ASACom – Como o Ministério do Meio Ambiente está se organizando para participar da próxima COP de Combate à Desertificação e quais os desafios que estão colocados nesta conferência?

Alexandre – A COP 16 acontece na Arábia Saudita em dezembro e é importante dizer que essa é a terceira conferência que nós vamos ter este ano, porque a primeira vai ser a Conferência do Clima e a segunda vai ser a Conferência da Biodiversidade. Elas têm interface umas com as outras. Então, quando nós estamos inclusive provocados pelos secretários executivos de todas as três conferências a buscar sinergias de trabalho entre elas, montamos uma estratégia para a presença do Brasil na COP. Nas últimas conferências, o Brasil esteve presente muito mais do ponto de vista diplomático do que do ponto de vista técnico e da participação da sociedade civil.

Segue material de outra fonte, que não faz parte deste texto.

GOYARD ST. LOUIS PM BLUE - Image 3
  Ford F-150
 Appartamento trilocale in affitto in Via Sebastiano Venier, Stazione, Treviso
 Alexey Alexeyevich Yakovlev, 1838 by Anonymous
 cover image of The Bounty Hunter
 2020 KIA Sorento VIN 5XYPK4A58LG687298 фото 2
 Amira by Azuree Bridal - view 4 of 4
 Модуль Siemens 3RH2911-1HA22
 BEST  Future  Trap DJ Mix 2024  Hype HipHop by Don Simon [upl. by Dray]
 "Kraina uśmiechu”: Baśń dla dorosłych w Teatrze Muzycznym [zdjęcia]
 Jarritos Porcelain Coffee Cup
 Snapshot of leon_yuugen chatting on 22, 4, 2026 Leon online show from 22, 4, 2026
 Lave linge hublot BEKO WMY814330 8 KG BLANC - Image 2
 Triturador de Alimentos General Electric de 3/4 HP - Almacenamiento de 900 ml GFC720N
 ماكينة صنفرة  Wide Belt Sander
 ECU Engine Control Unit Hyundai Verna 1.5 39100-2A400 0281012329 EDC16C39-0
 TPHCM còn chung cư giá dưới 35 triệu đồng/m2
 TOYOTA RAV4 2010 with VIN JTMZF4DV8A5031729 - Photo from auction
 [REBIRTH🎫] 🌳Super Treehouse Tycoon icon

Porque em função dos governos que nós tínhamos, de 2016 para cá, essa agenda foi praticamente abandonada dentro do Ministério do Meio Ambiente e do governo federal como um todo.

A COP vai ter sete dias dedicados a temas que vão tratar desde o financiamento do combate à desertificação até assuntos como a questão científica e produção de conhecimento. Estamos planejando fazer algumas agendas com organismos internacionais levando as experiências brasileiras, de modo que a comunidade internacional conheça o que nós estamos fazendo aqui. Nós saímos num processo de muita motivação para organizar a nossa presença da COP. No final da missão climática pela Caatinga, que a gente teve a presença da ministra Marina em Juazeiro (BA) e Petrolina (PE), e do secretário executivo da COP, Ibrahim Teal, ele foi muito enfático quando expressou que o Brasil precisa ir para a COP 16, mostrar o que está fazendo aqui. O secretário ficou muito impressionado com as experiências que viu numa comunidade de fundo de pasto, com o diálogo que ele teve com a comunidade, com a equipe técnica do IRPAA.

Então, nós queremos organizar uma agenda com um conjunto de ministérios e órgãos do governo federal para apresentar a nossa proposta e queremos fazer isso também com a comunidade científica e as organizações da sociedade civil, onde a gente certamente vai contar com a presença da ASA e das outras organizações credenciadas na Convenção referência para o tema. Mas vamos convidar de forma um pouco mais ampla para que a gente de fato tenha uma presença marcante e robusta, e que a gente consiga estar presente, como o secretário nos pediu, mostrando para a comunidade internacional como é que a gente está fazendo o processo de combate à desertificação aqui. Acho que um outro ator, que para nós é muito importante, é o consórcio de governadores do Nordeste com quem a gente tem montado uma parceria importante para discutir a pauta da questão climática, do combate à desertificação e de proteção da caatinga.